À l’African Leadership Academy, les étudiants savent que quelque chose d’important s’est produit lorsqu’une réunion impromptue est convoquée. Le mercredi 2 mars, une affiche a été apposée sur le panneau d’affichage pour annoncer que M. Sanusi Lamido Sanusi, le gouverneur de la Banque centrale du Nigeria, devait s’adresser à l’ensemble du corps étudiant ce soir-là. M. Sanusi était en route pour recevoir son prix de meilleur gouverneur de banque centrale au monde et avait décidé de passer la soirée avec nous.

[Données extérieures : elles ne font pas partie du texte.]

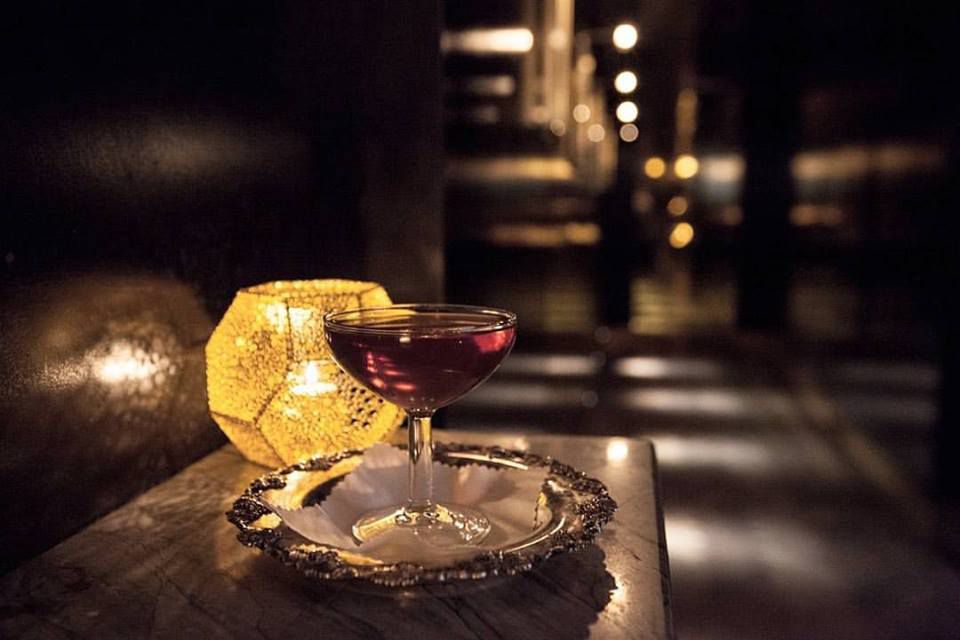 A dimly-lit cocktail drink on a table.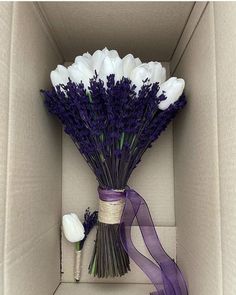 a bouquet of white and purple flowers in a box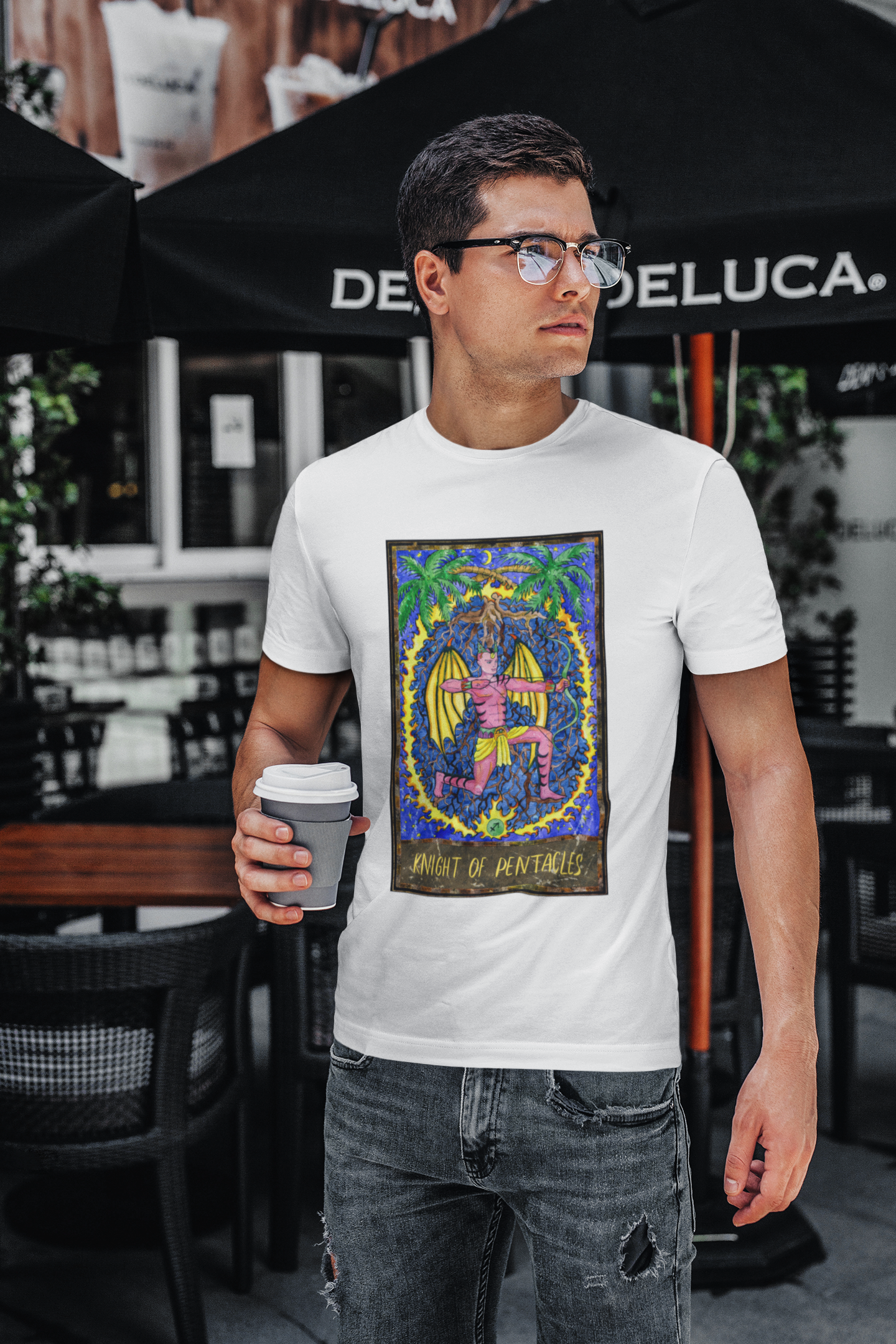 A man with glasses holding a coffee cup, wearing a white Knight of Pentacles Tarot Card T-shirt and ripped jeans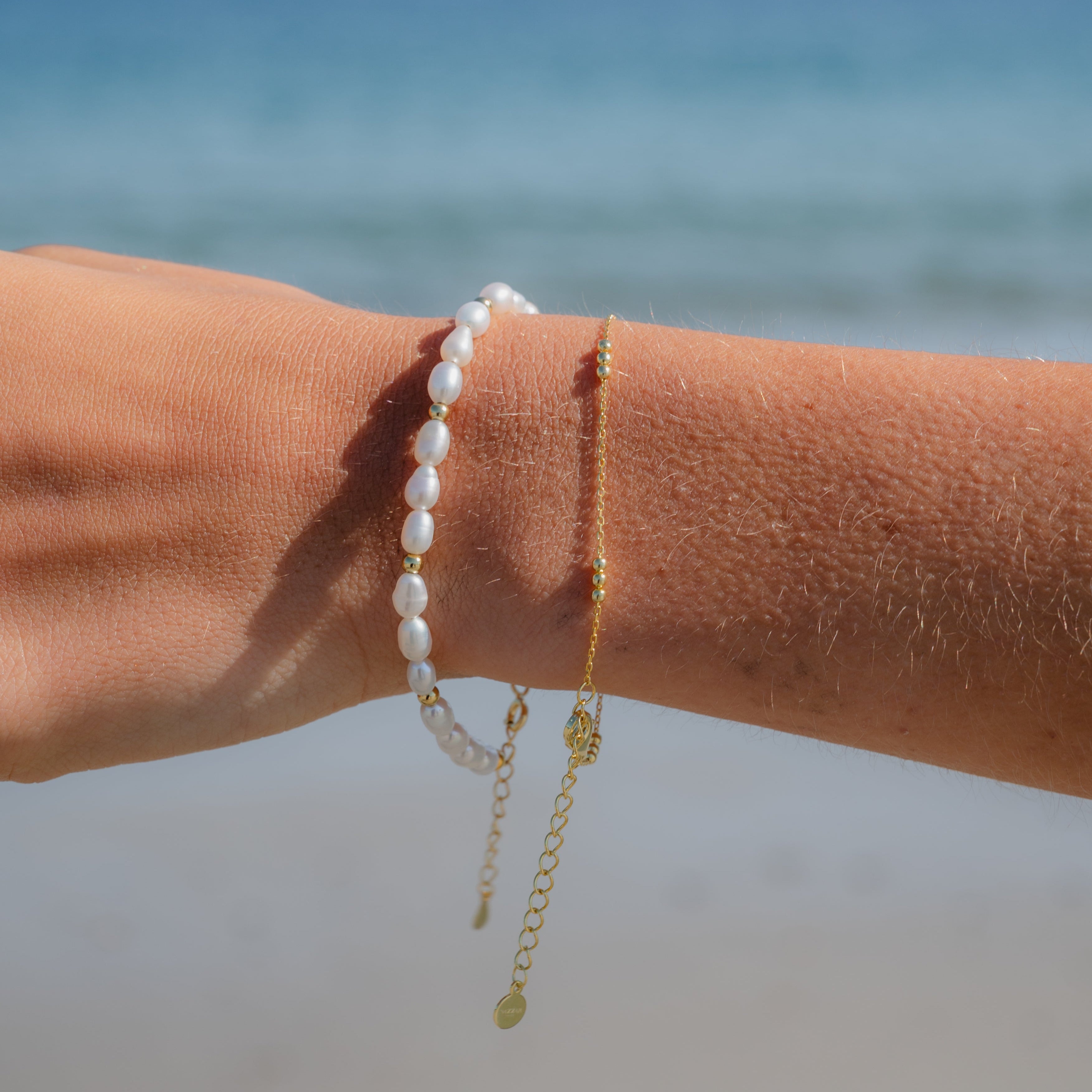 Delicate freshwater pearl and gold bracelet layered with other jewelry on model’s arm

S’appuyant sur son expérience en tant que gouverneur de la banque centrale et économiste, M. Sanusi a parlé de la dynamique politique, sociale et économique de sa lutte contre la corruption dans le système bancaire commercial nigérian, saluée dans le monde entier. En 2009, malgré la récession économique mondiale, la bourse nigériane était l’une des plateformes de négociation les plus rentables au monde. Cependant, lors de l’examen détaillé du système financier qu’il a ordonné quelques mois après sa nomination au poste de gouverneur de la Banque centrale du Nigeria, il a remarqué que certaines banques avaient frauduleusement déclaré des actifs et avaient gonflé leur valeur en bourse.

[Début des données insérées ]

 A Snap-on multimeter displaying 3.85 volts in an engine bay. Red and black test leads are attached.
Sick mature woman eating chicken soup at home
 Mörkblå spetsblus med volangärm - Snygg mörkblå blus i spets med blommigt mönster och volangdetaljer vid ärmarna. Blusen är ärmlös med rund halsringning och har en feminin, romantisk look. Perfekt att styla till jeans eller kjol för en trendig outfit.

Par ailleurs, certaines personnes puissantes et influentes avaient emprunté d’énormes sommes d’argent aux banques sans les rembourser. Après avoir constaté cette faille dans le système, M. Sanusi nous a expliqué qu’il avait deux options. La première consistait à détourner le regard et à espérer que les choses s’améliorent, étant donné que des personnalités très importantes du pouvoir nigérian étaient impliquées. Il aurait pu décider de fermer les yeux sur la corruption des entreprises qui privait de nombreux civils de leur argent durement gagné. L’autre option consistait à faire comparaître les mauvais payeurs devant la justice.

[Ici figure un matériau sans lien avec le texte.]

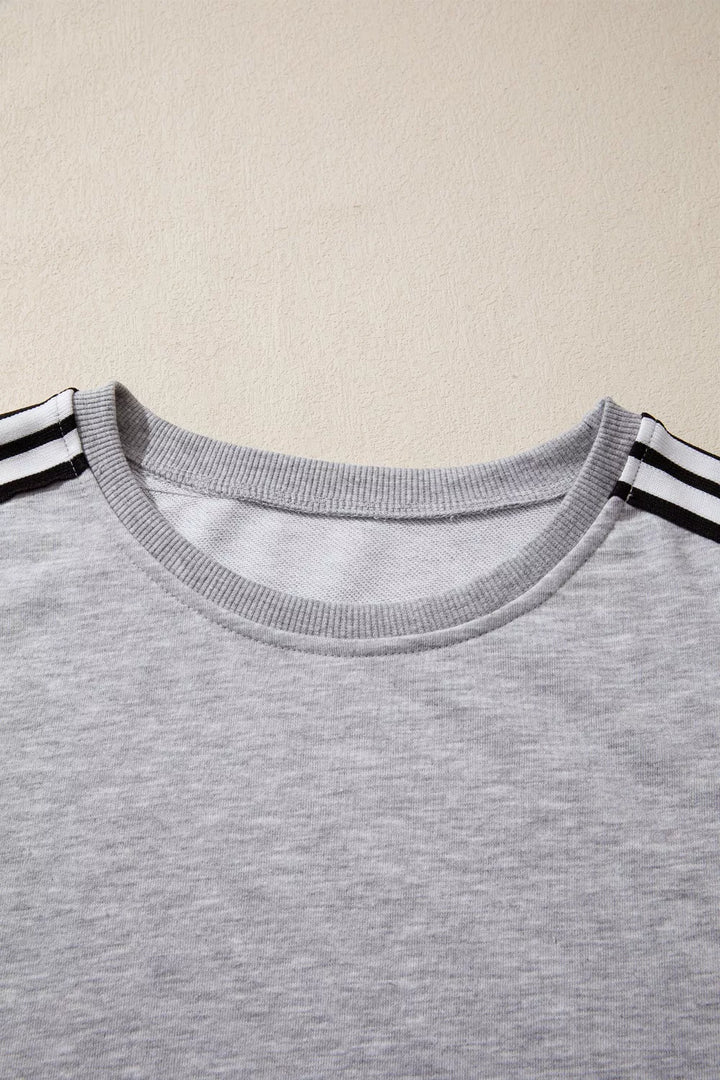 Relaxed fit tee with varsity shoulder stripes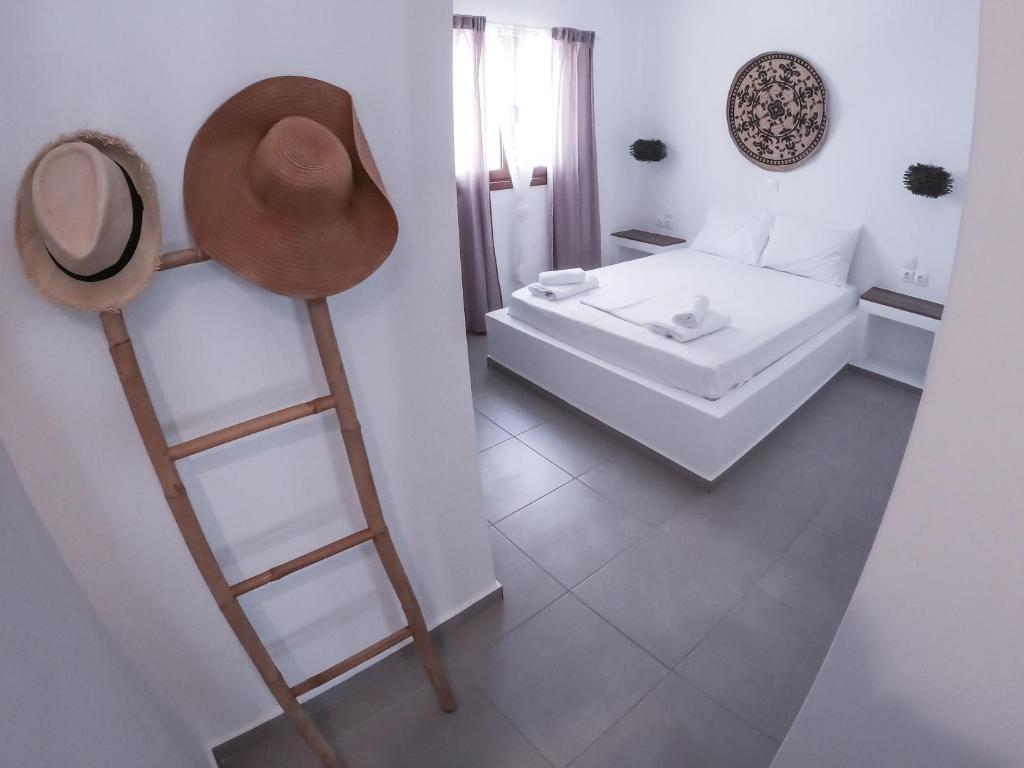 a room with a ladder and a bed and a hat at Joanna's Home in Meyisti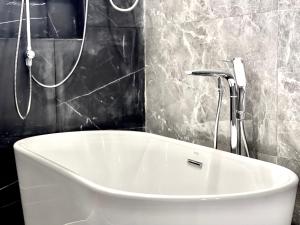a white bath tub in a bathroom with a shower at Sky Hotel Sihanoukville - Free laundry in Sihanoukville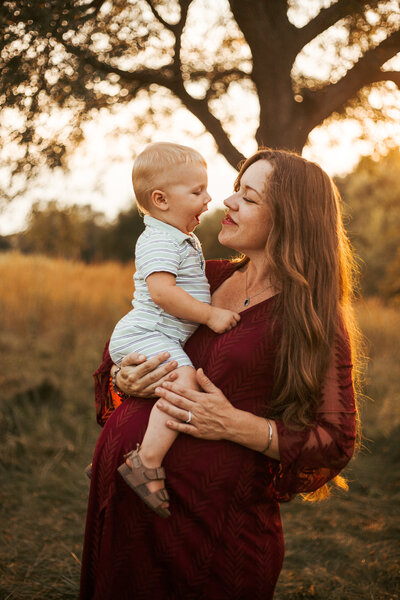 Mother with Toddler on arm. Standing in a meadow at sunset. Looking at each other. Little boy making faces at his mother. Mother genuinely smiling at him. Mommy and me photo.  Family Photography.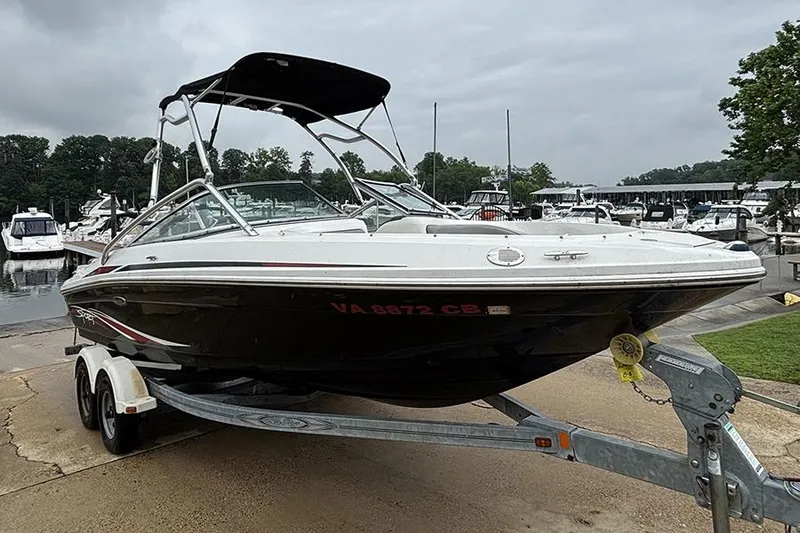 Slide: The Image of 2011 Sea Ray 205 Sport boat on trailer at marina, overcast sky. - 1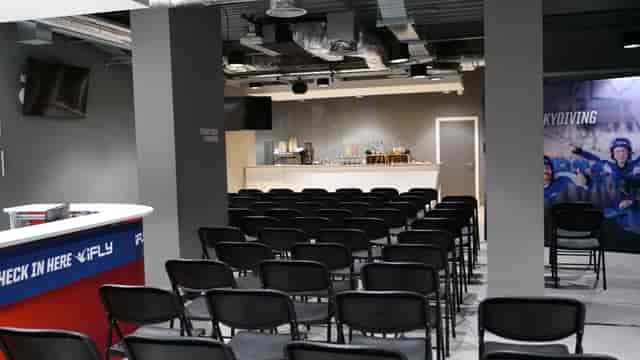 iFLY Indoor Skydiving bar area with black chairs for meetings and events at The O2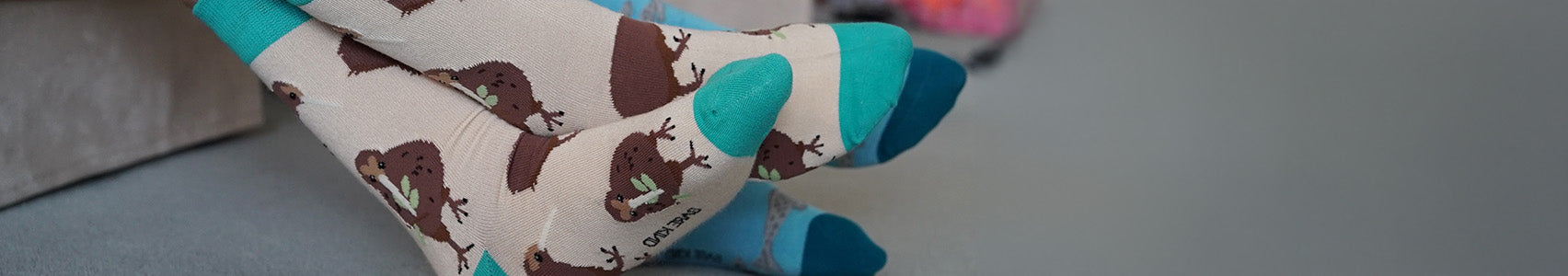 Model wearing Kiwi Socks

Le choix le plus facile pour lui aurait été de détourner le regard et d’éviter de « mettre en péril » le système et de risquer sa vie (à cette époque, son profil de menace était plus élevé que celui du président du Nigeria). Il a toutefois choisi la voie plus difficile qui consiste à faire en sorte que les banques et les individus corrompus assument les conséquences de leurs actes.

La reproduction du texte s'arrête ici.